Remember that Microsoft failed at its promise of if we don't match Chrome bug for bug, that is a defect in Edge. They failed and they gave up trying. My personal conspiracy theory is that it costs well over a billion dollars a year, not including marketing dollars or bribery dollars, just to keep Chrome running.
I don't think Google will pull the rug on Chromium but then again all bets are off if Google has new overlords or if Google isn't making that USD 200B+ revenue year over year. Things feel permanent probably right before giving up the ghost. I think if Microsoft felt like it could avoid using Chromium with its own stuff, it would have never touched Chromium.
tl;Dr I doubt Microsoft will put in the money or energy it takes to maintain Chromium.
If chromium were abandoned they wouldn't really have a choice, would they? I guess they could migrate edge to run on top of firefox, but I'm not sure if they'd want to.

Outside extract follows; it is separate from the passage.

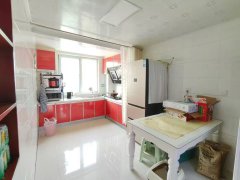 文馨花園 一樓兩室 83.1平帶大車庫43.8萬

It's actually a little interesting, why did they choose Chromium in the first place over firefox, when Microsoft and Google are more directly competitors?
Sure, you can fork it but your fork will never reach the same level of security as the original simply because you cannot afford to put in the same effort as Google does.
My point is that these forks are futile because it takes only one major vulnerability - found by Project Zero and publicized with Google's might - to blow you out of business.
Project Zero notifies vendors before disclosing the vulnerability. They would also be able to provide a patch from Google assuming the code hadn't diverged too much since the fork.
That's not even a joke. If Google had a magical cancer cure, they would absolutely stop supporting it. The manager in charge of that project got their promotion, and the new manager brought in won't get any credit for maintaining an existing project, they need a new project they can put their name on.
They'd develop the cure in the open, all their researchers will end up working for a new startup starting off as a non profit but then spinning off a for profit company which will actually make a working cure and everybody will wonder why Google lost their lead at cancer research
> I wonder to what extent the security industry is self-reinforcing
Works wonders for Apple. ("look, we fixed the bug discovered by Citizenlab").
Security, unfortunately, has become theater. There are some things fixed when and if they are disvovered but, in general, the main issues were not adressed (fine grained permissions, web browser as remote code executor, etc).
I wonder to what extent the security industry is self-reinforcing and how many of these vulnerabilities would be discovered by 'the bad guys' taking into account that none of them have these kind of resources. But now the rest of the world has to deal with the fall-out of the disclosure that Google got a head start on and can relatively easily deploy across their cloud. It feels a bit like the hero model to me: only we can keep you safe from the problems that we create.